Entries supplied:
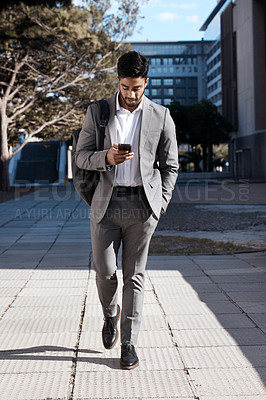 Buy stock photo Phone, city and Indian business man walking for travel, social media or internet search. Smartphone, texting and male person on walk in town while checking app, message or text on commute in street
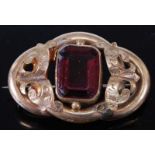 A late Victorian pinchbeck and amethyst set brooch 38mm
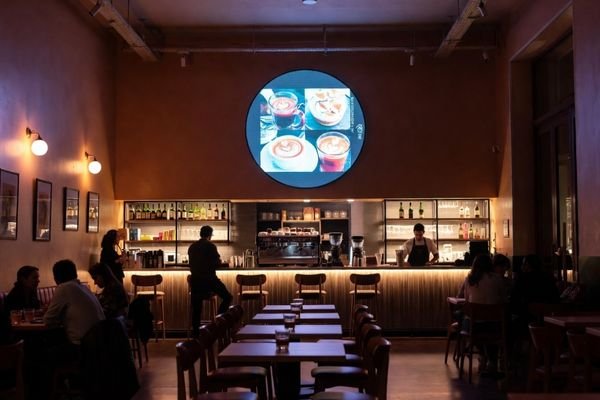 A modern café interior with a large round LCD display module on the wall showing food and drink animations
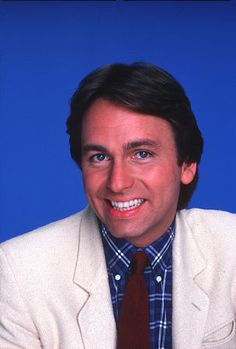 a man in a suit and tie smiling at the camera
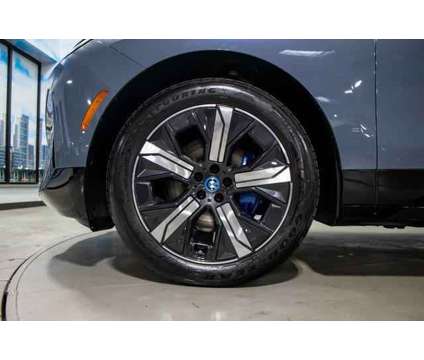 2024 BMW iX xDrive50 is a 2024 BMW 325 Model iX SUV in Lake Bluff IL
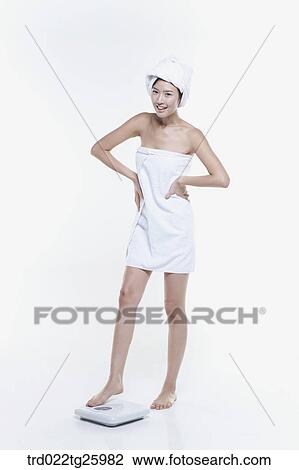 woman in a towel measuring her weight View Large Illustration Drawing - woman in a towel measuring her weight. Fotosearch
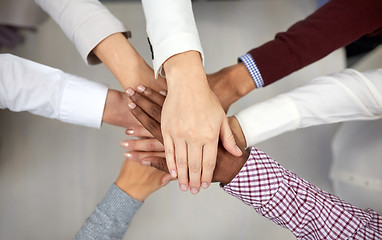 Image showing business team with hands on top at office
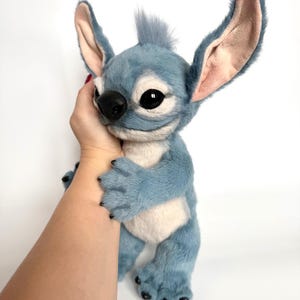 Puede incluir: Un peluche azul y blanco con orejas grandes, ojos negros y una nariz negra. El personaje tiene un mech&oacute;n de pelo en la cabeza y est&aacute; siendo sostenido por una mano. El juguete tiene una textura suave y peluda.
...
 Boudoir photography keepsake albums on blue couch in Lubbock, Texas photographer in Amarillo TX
* * *
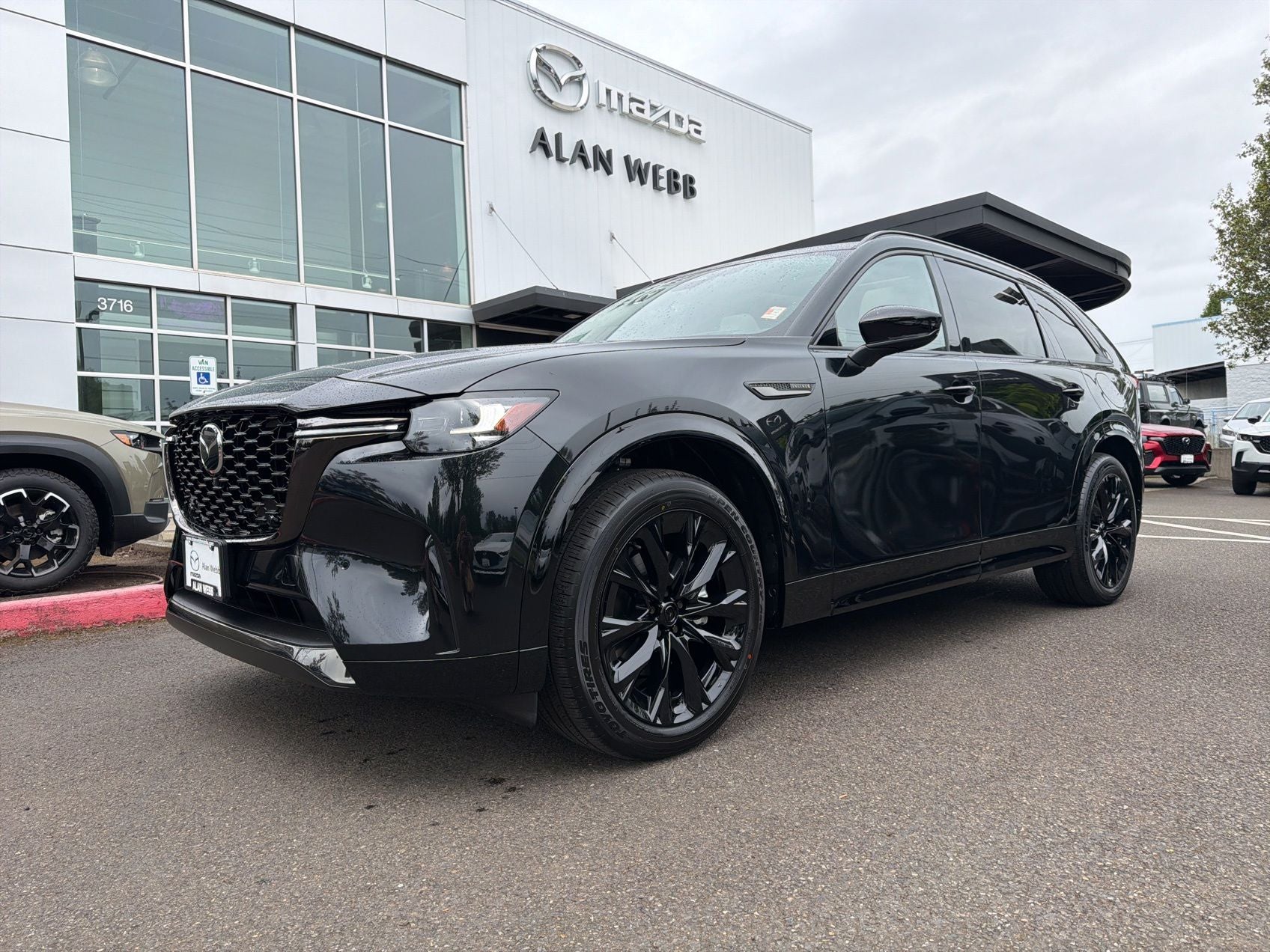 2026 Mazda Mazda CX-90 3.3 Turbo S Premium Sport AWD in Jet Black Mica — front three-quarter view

What you should do: Your task is to copy only the lines above starting at the one containing "Buy stock photo" and ending at the one containing "Puede incluir: Un". Copy them exactly, both ends included, and omit the pictures.

Response:
 Buy stock photo Phone, city and Indian business man walking for travel, social media or internet search. Smartphone, texting and male person on walk in town while checking app, message or text on commute in street
 A late Victorian pinchbeck and amethyst set brooch 38mm
 A modern café interior with a large round LCD display module on the wall showing food and drink animations
 a man in a suit and tie smiling at the camera
 2024 BMW iX xDrive50 is a 2024 BMW 325 Model iX SUV in Lake Bluff IL
 woman in a towel measuring her weight View Large Illustration Drawing - woman in a towel measuring her weight. Fotosearch
 Image showing business team with hands on top at office
 Puede incluir: Un peluche azul y blanco con orejas grandes, ojos negros y una nariz negra. El personaje tiene un mech&oacute;n de pelo en la cabeza y est&aacute; siendo sostenido por una mano. El juguete tiene una textura suave y peluda.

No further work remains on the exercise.